Tuesday, 29 August 2017

Great British Bake Off (BBC version)



On the day that the new Bake Off debuts on Channel 4, it seems only right to look back at what made the BBC version so special.  Luckily enough, Good Food seems to be endlessly repeating early seasons, which give you a taster of how the show looks when chopped up brutally with adverts.  It’s also a violent and unwelcome flashback to how the programme looked before it had the whole nation’s full attention.



The formula took a while to mature and develop over the first few series: casting the contestants, doing away with the stern male voiceover, not really dwelling on where the marquee was pitched and slowly phasing out the backstory VTs to the more obscure recipes.  Indeed, as time went on, the technical challenges became curiouser and curiouser until I was convinced someone was making them up and claiming their origins in far-flung countries and centuries that nobody would check (Tudor Week, anyone?).  But, harmonised with this honing of its flow and structure, the society in which it was broadcast also knew a greater need for the warm fuzzy feelings only a friendly baking challenge could elicit.

This was a show where people didn’t get cross with each other.  There was no swearing or conflict.  There was nothing sexual beyond chucklesome innuendos (cue reference to tarts and buns – tee hee).  The worst thing that could happen was a bit of burnt sponge or some raw pastry.  Maybe someone would put in too much ginger.  If only this was all that mattered in the real world.  What of course never mattered was the amount of butter and sugar being poured into each mix.

And so, each midweek episode saw us rushing home for the televisual equivalent of a hug, with Hollywood the stern (and slightly vampiric) dad, and Mary the grandma we all wanted to please, with nothing but nice things to say to those that were struggling.  On a food shoot I had to attend with work, I got chatting to a girl who had looked after Mary during Bake Off production.  With the marquee proving chilly in the British weather, Mary was allegedly kept under blankets and by a heater in the nearby stately home, awoken and brought out only to take determined toothy bites and to soothsay contestants.

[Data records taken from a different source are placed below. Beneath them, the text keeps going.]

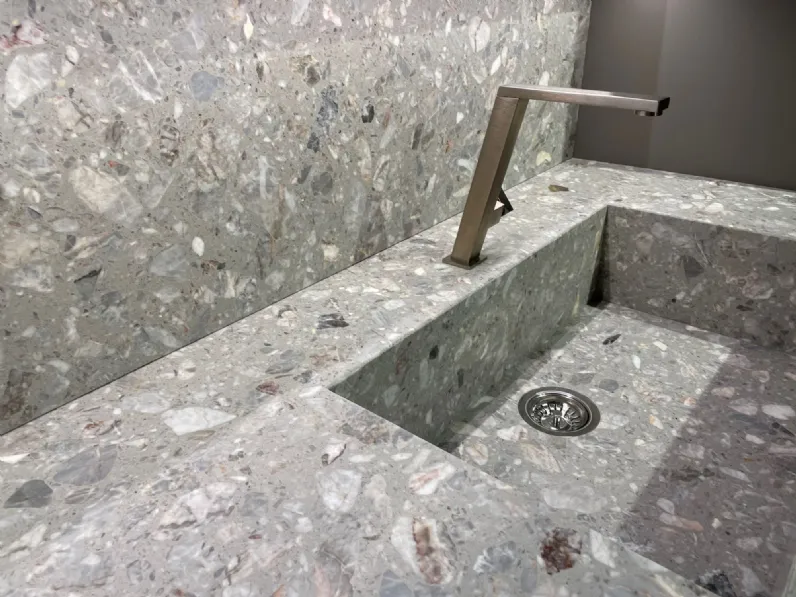 Cucina a prezzo scontato con penisola design Maxima Cesar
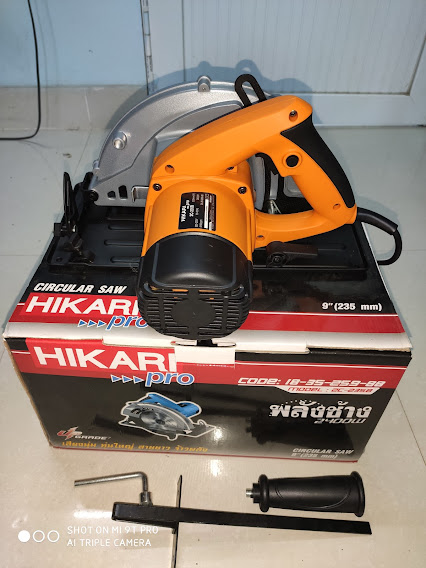 Máy cưa gỗ hikari 2c-235b made in thái lan, đĩa cưa 235mm,dây dồng chịu nhiệt độ, 2400w, có 1 đĩa cưa kèm theo.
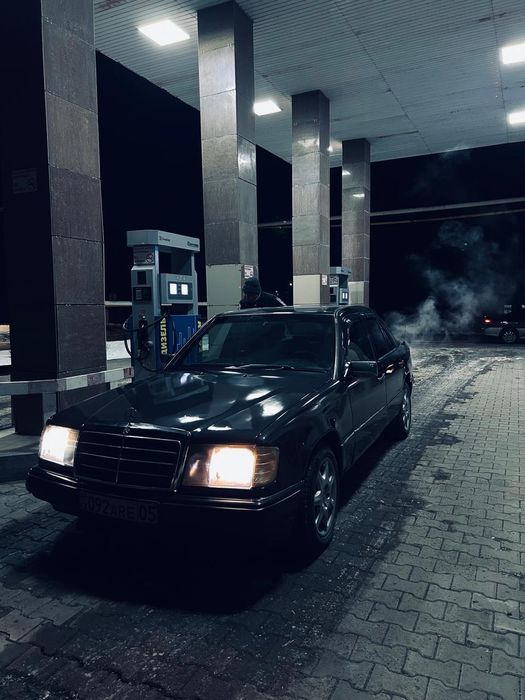 Мерседес 1 9 92года 3литра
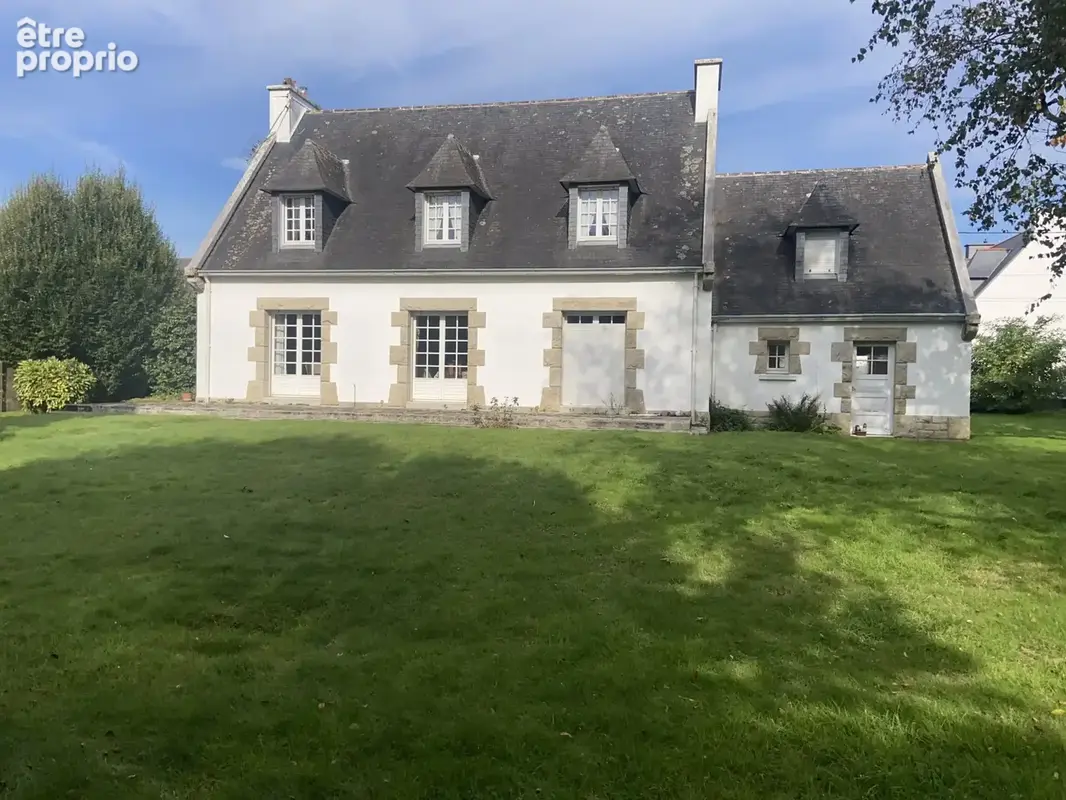Maison 8 pièces 158 m² à vendre à Carhaix-Plouguer (29270) - photo 4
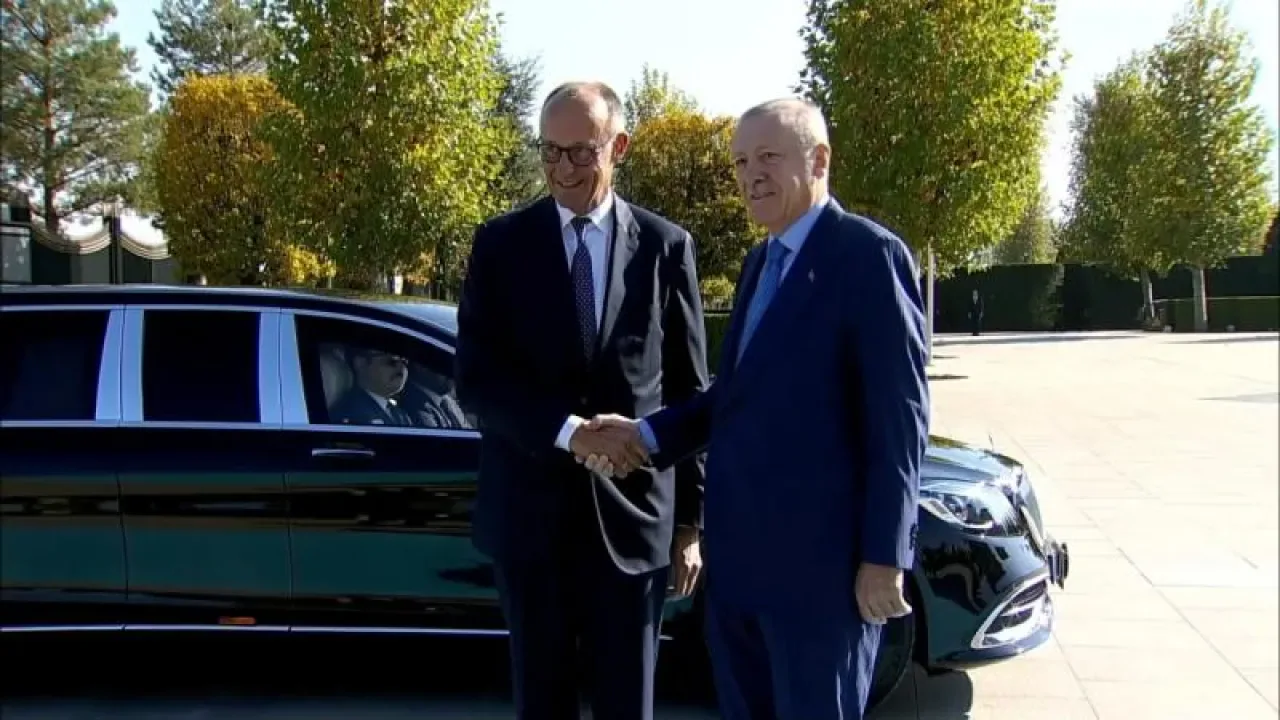 Erdoğan ve Merz, Ankara'da Resmi Törenle Bir Araya Geldi Erdoğan ve Merz, Ankara'da Resmi Törenle Bir Araya Geldi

As with all good shows, it became must-see viewing for any office drone.  Coming into work not knowing the results of the previous night’s episode was dicing with conversational death to say the very least.  Only by screaming and running out of the room could those yet to catch up ensure nothing was ruined for them.  Young and old alike could discuss in depth every familiar portion, from the signature bake to the showstopper, recalling every Mel and Sue double-entendre and their favourite cheery line from Mary Berry.  In fact, it was the only show I was able to watch together with one of my weirdest housemates (a forty four year-old Australian lady who once took herself to A&E on a Saturday night because she had constipation).

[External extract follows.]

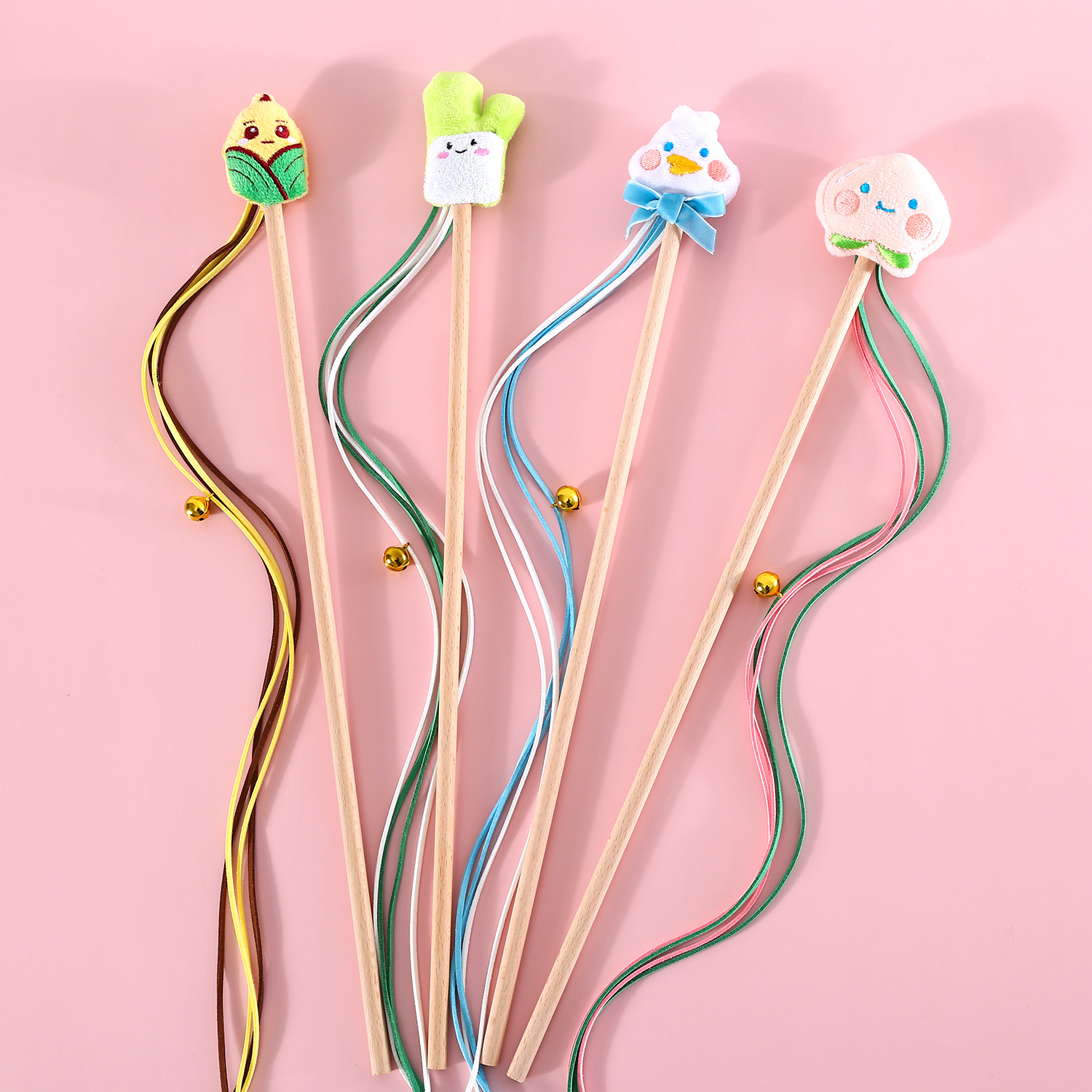 Dibujos animados borla divertido gato palo de peluche cebolla maíz fruta caramelo color campana sonido interactivo gato alivio juguete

So many have tried to copy the format in order to apply a bit of competition to other seemingly banal household tasks; there was a Great British Sewing Bee and something about pottery (pottery?!).  I half expected for there to be something about my favourite domestic task, cleaning bathrooms.
I would like to take this opportunity to review some of my favourite contestants from the various seasons:


  • Selasi from series seven: nobody cared less than he about the outcomes of his bakes
  • Paul from series six: a man who tried to be cheerful but whose fury was betrayed by his very red face.  He seemed utterly embarrassed to be there, which made watching him bake strangely compelling
  • Norman from series 5: who didn’t see the need to impress anyone or change anything he had been doing the whole time
  • Flora from series 6: probably because, by the age of 19, she had achieved more with her life than I ever will at 32, I thoroughly enjoyed it when her bakes went wrong.  I need to sort myself out
  • Kimberley from series 4: clearly hated the stupidity of everyone around her as they weren’t as smart, but gave nervous chuckles in order to hide her murderous intentions against the competition.  Everyone freaked out about having to make tuiles.  Cut to Kimberley: “I actually made these last week so smug smug smug.”  Loved her
  • Nadiya from series 6: such character and hard work, yet we all were convinced that she had some awful husband controlling her life from home.  And he turned out to be an absolute babe when we saw him in the final and we all realised that we still harbour ridiculous prejudices, despite claiming to be liberal
While the Hollywood Handshake will still be a possibility over on Channel 4, we will never again hear Mary claiming she could take a bit more booze in her bake, or enjoy a good Mel and Sue pun when declaring the number of minutes left in a challenge.  Strange to think that a show can become such a part of our comfort system.